Fly Point is a favourite amongst visitors and the locals due to its abundance in life and colour. As soon as you enter the water you are surrounded by fish swimming around your legs. This is a snorkeler’s heaven! For divers there is something to look at the entire dive. Submerge in the shallows to see schooling fish of all sizes, look through the sea grass and kelp for octopus, wobbegongs and sea hairs.
Into the little things? Looking in and around the sponges, corals and sea grasses you could find a rainbow of nudibranches, cowries, flatworms, sea spiders and other little critters to make you smile. For those who like the big stuff there are sponges bigger than you could wrap your arms around, blue groupers, and a variety of fish life schooling throughout the sponges and over head. There are a number of massive silver drummer patrolling the area, Oh and don’t forget the possibility of being buzzed by a dolphin.

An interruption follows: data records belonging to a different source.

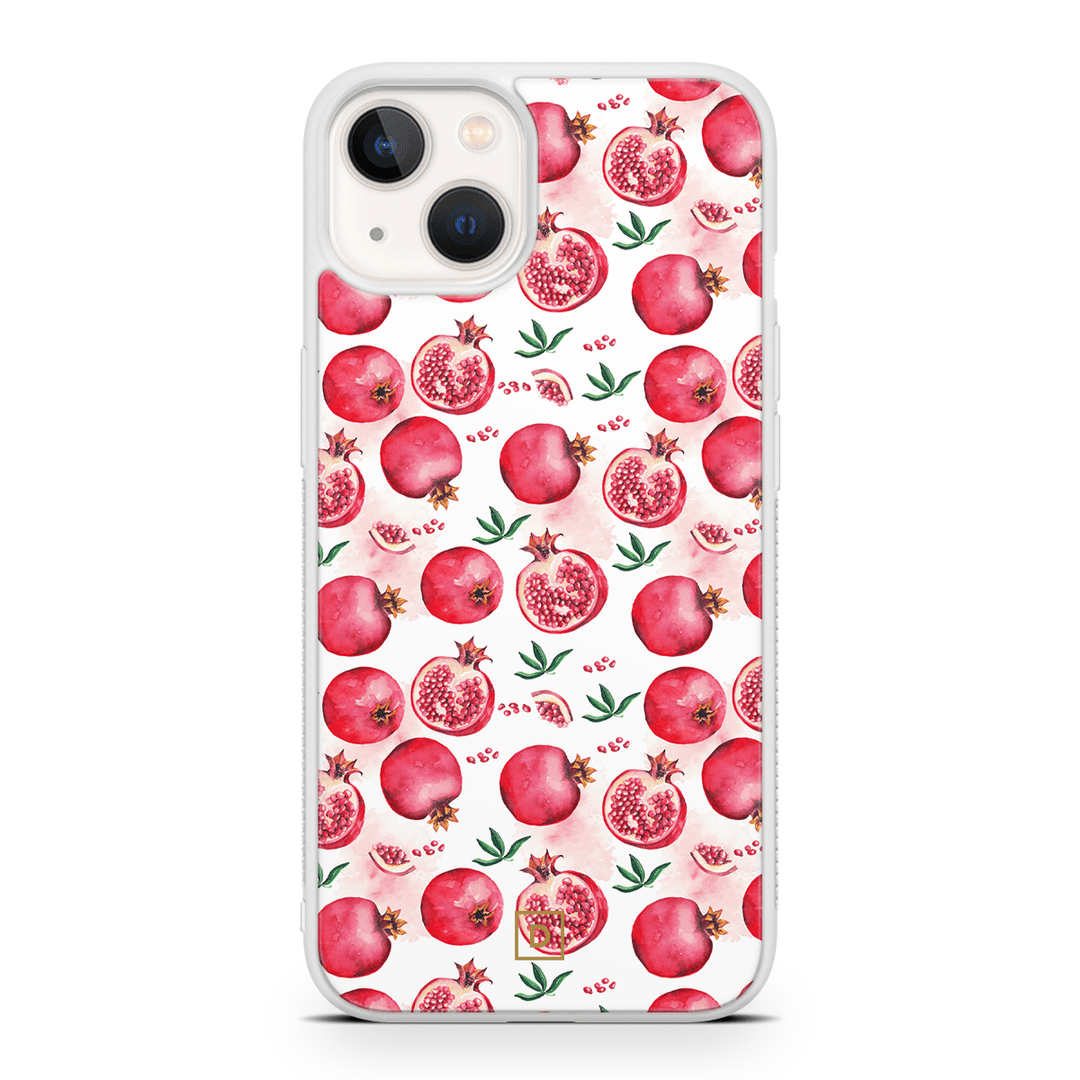 Pomegranate Juice Rubber Phone Case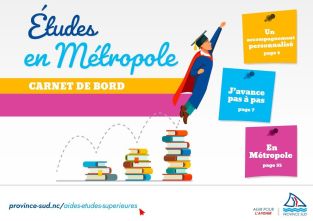 etudes en métropole carnet de bord
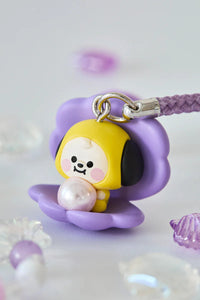 BT21 JAPAN - Official PEARL Figure Strap Keyring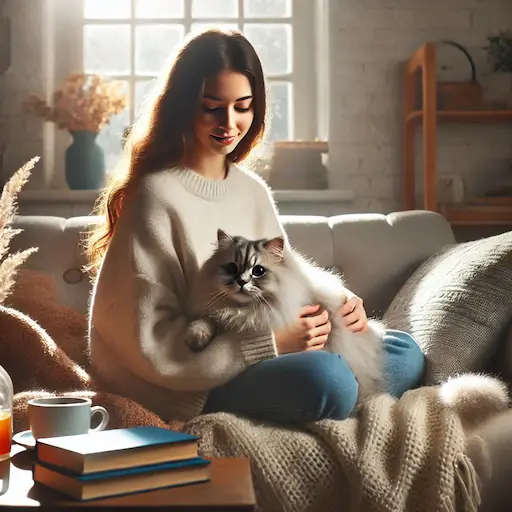 Gatos de apoio emocional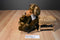 The Bearington Collection Moe the Brown Teddy Bear Beanbag Plush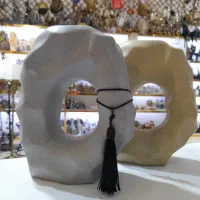 جادستمالی گرافیکی اکسسوری مینیمال شلف بوفالو قوچ|حراج|قم, زاویه|دیوار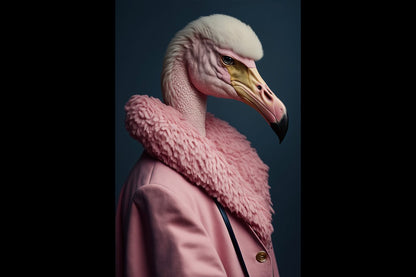 Flamingo Wall Art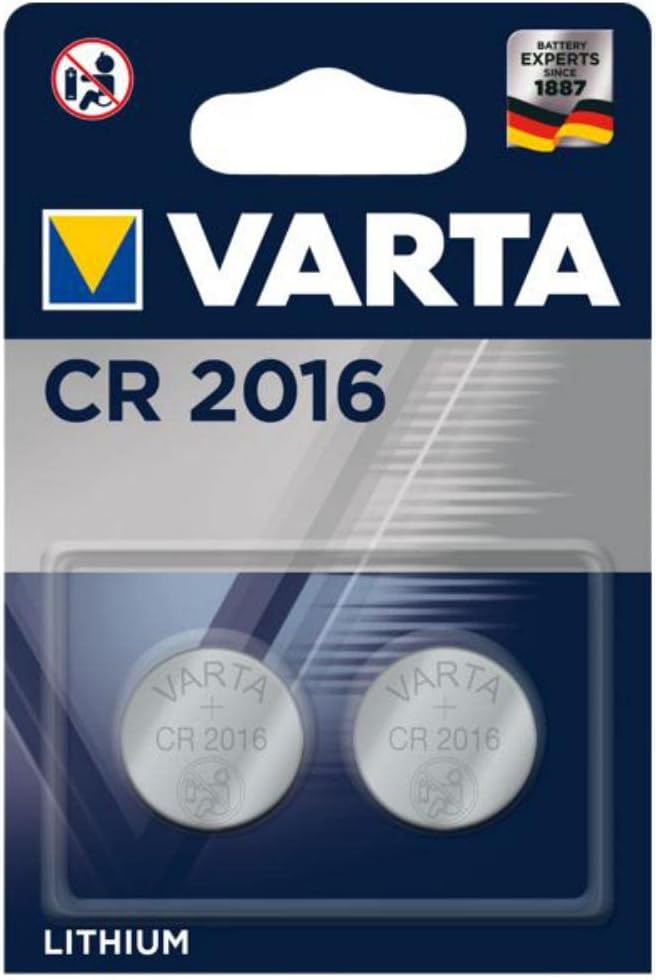 Varta 06016 Singleuse battery CR2016 Lithium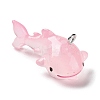 Sea Animal Theme Opaque Resin Pendants LS-X-RESI-D071-04C-1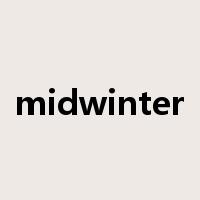 midwinter是什么意思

The actual diving area is vast allowing you to do a number of dives here without having to go to the same place twice. The most popular route is to head North until you drop down off the seagrasses on to sand at approx 7 meters. Start heading west while continuing down to 12m. Here where the sand triangle and the sponges meet you will find the start of the ledges where the greatest amount of schooling fish life will be found. Divers follow the ledges looking at, under and on top for a variety of creatures. When ready to turn around you can return along the ledges or swim along the top rim for more variety . Once at the start of the ledges swim SE up to the 5 metres then East toward the exit.
If you leave enough air getting back to the exit point continue along until you find the short seagrass then heading south/east and zig zag shallower is where you can find Stripy the turtle. You will tell it is Stripy by the duck tap line on its back and the transmitter. Stripy gets a bit of unwanted attention from the snorkelers so creep up slowly to enjoy because once Stripy see you “ahhh and it will probably swim away!”
For something deeper and different, go to the start of the 12 metre ledges but then continue out (north) where you can get down in to 24+ metres. The bottom is covered in stunning white soft corals and sponges. Wobbegong and Blind sharks often just hang out and there is a variety of life to be found hiding in the crevasses. Then simply head west for a while then you can zig zag back to the 12m ledges.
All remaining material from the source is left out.